As of December 31, 2008, the Company’s cash and cash equivalents (including restricted cash and short-term investments) amounted to $7.6 billion as compared to $6.0 billion at September 30, 2008. Net debt at December 31, 2008, which includes long-term debt, net of current portion, plus our payable to banks and current portion of long-term debt, less cash and cash equivalents, restricted cash and short-term investments, was $26.5 billion (versus $32.5 billion as at September 30, 2008). Gearing15 at December 31, 2008 was 45% as compared to 49% at September 30, 2008, and net debt to EBITDA ratio (based on full-year 2008 EBITDA) was lower at 1.1x as compared to 1.2x16 at September 30, 2008. Net debt has decreased primarily due to the increase in operating cash flow, unwinding of hedges and proceeds from disposals. In addition, the Company’s share buy-back program was essentially completed by the end of the third quarter and M&A outlays were substantially reduced. Operating working capital (defined as inventory plus receivables less payables) as at December 31, 2008 decreased to $21.0 billion as compared to $26.5 billion as at September 30, 2008, due to reduction of accounts receivables and inventory, partly offset by accounts payable reduction, and foreign exchange movements. Rotation days17 increased from 82 to 96 days.
The Company had total liquidity of $13.4 billion as at December 31, 2008 (as compared with $12.0 billion as at September 30, 2008) consisting of cash and cash equivalents (including restricted cash and short-term investments) of $7.6 billion and $5.8 billion available to be drawn under existing bank lines as at December 31, 2008.
On February 10, 2009, ArcelorMittal secured in principle refinancing commitments from banks for two Forward Start18 facilities totalling $4.8 billion (of which $3.2 billion corresponds to currently unused credit lines and $1.6 billion of indebtedness), subject to certain conditions.
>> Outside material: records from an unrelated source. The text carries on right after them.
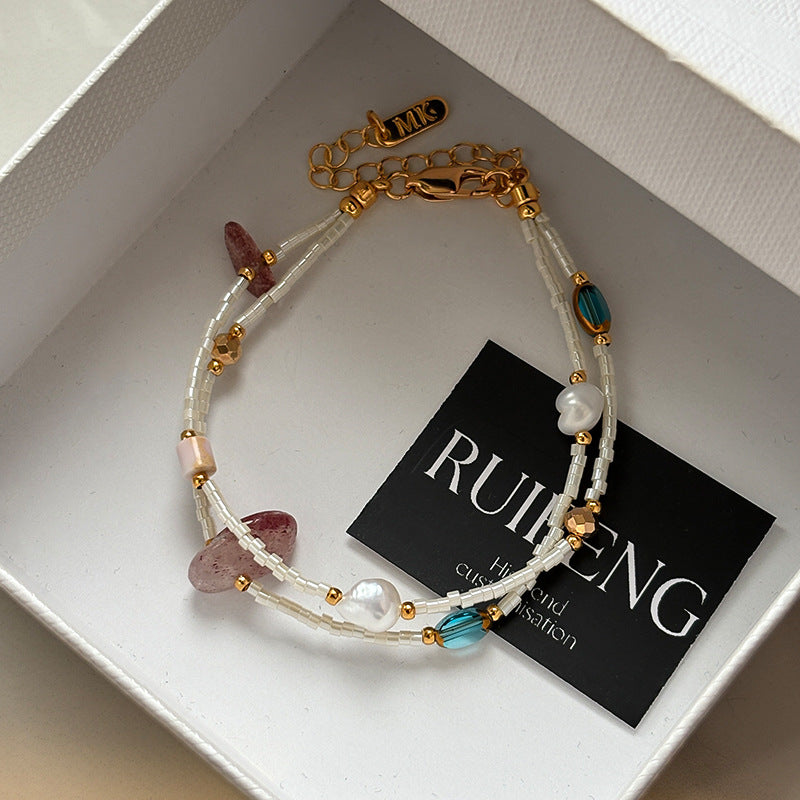 Double Layered Irregular Pearl Stone Beaded Bracelet 6W6JBR367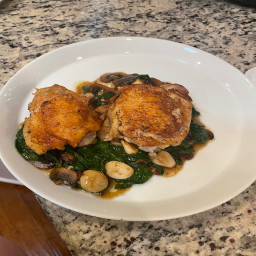 Braised Chicken Thighs with Garlic and Spinach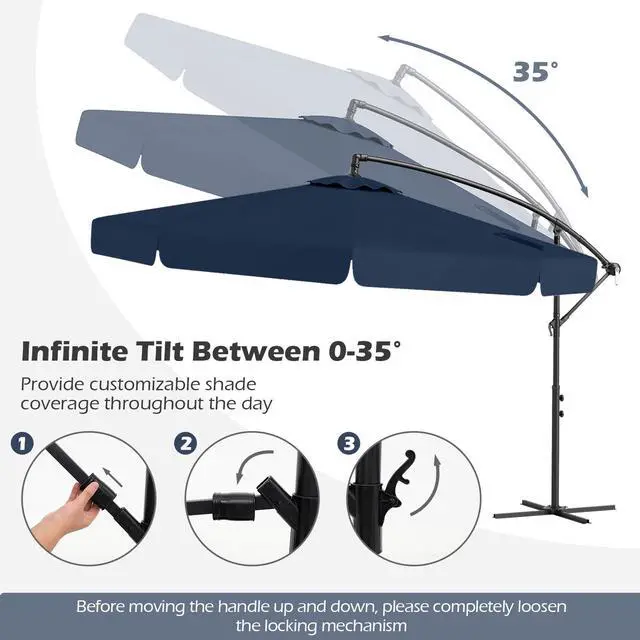 Alt view image 6 of 7 - SlickBlue 10 Feet Patio Cantilever Umbrella with Cover Tilt Adjustment and Ruffled Edge-Navy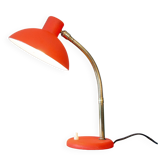 50s lamp, brass and granite red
Maturing of new facilities will be 2012.
Annual dividend reduced to 0.75 $/share during 2009 due to exceptional global economic conditions
Considering the exceptional global economic conditions, ArcelorMittal’s Board of Directors recommends reducing the quarterly dividend payment to $0.1875 in 2009. The new quarterly dividend payments would take place on March 16, 2009 (an interim dividend), June 15, 2009, September 14, 2009 and December 14, 2009.
Once market conditions have normalised, the Board intends to review the dividend policy
2008 Dividend and share buy-backs
During 2008, the Company returned $7.0 billion to shareholders, consisting of $2.6 billion in cash dividends (including $0.5 billion paid to minority shareholders of operating subsidiaries) and $4.4 billion in share buy-backs.
Management gains plan
In September, 2008, the Company announced a Management Gains plan targeting cost reductions of $5 billion over the next 5 years. The Company currently targets to achieve $2 billion fixed cost savings including selling, general and administrative costs by end of 2009.